Then, when building after a new checkout, you may see an error of the form "expected package got ident." This occurs because go reads some Go files and sees the Git LFS pointers instead of the actual data file. At this point, you can download the latest files with git lfs pull and rebuilding should work.

Nothing needs to be done when pushing LFS blobs. That will still happen automatically.

Go

The bulk of our code is currently in Go. This can be found at github.com/kiteco/kiteco/kite-go (http://github.com/kiteco/kiteco/kite-go). To get started working in this part of the codebase, first make sure you have your Go environment setup correctly (i.e Go is installed, $GOPATH is set, etc.).

Locally, however, you will need to install Go 1.15.3. The following steps will get you going.

Set $GOPATH in your .profile / .bashrc/ .bash_profile / .zshrc, e.g:

export GOROOT=/usr/local/go
export GOPATH=$HOME/go
export PATH=$PATH:$GOROOT/bin:$GOPATH/bin

Make sure to create these directories as well:

mkdir $HOME/go
mkdir $HOME/go/src $HOME/go/bin $HOME/go/pkg

If you are on a Mac and set the above in either .bashrc or .zshrc, make sure to load it in either your .profile or .bash_profile. See this for an explanation.

It would be useful to become familiar with how go code is organized. Check out https://golang.org/doc/code.html for more on this topic.

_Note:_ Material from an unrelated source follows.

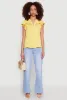 Iris Crepe Knit Flutter Sleeve Blouse sold by Rainbow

Navigate to where the kiteco repo will live in your GOPATH, and clone the repo.

# Create kiteco directory within GOPATH, and clone the repo there
mkdir -p ~/go/src/github.com/kiteco
cd ~/go/src/github.com/kiteco
git clone git@github.com:kiteco/kiteco

To install the latest version of Go that's compatible with our codebase, run:

cd ~/go/src/github.com/kiteco/kiteco
cd devops/scripts
./install-golang.sh

From here, just run make install-deps from the root of the kiteco repo to get basic utilities installed.

# Install dependencies
make install-deps

Use ./scripts/update-golang-version.sh if you'd like to make Kite require a newer version of Golang.

Tensorflow

For development builds (see below), you may need to have Tensorflow installed globally on your system.

make install-libtensorflow

Building Kite

You're now ready to build Kite! First, build the sidebar for your platform

./osx/build_electron.sh force
# ./linux/build_electron.sh force
# ./windows/build_electron.sh force

This process is asynchronous to the Kite daemon build, so you must manually rebuild the sidebar as needed.

Now build and run Kite:

make run-standalone

Note that this is not a full Kite build, but is the recommended approach for development, as it is much faster. Some functionality is disabled in the development build (depending on the platform):

Development

You should be able to develop, build, and test Kite entirely on your local machine. However, we do have cloud instances & VMs available for running larger jobs and for testing our cloud services

Dependency Management with Go Modules

We use the Go Modules system for dependency management.

General tips:

To add or update a dependency, all you need to do is go get it, which will automatically update the go.mod and go.sum files. To remove a dependency, remove references to it in the code and run go mod tidy. In general, make sure to run go mod tidy to make sure all new dependencies have been added and unused ones have been removed before committing any dependency changes.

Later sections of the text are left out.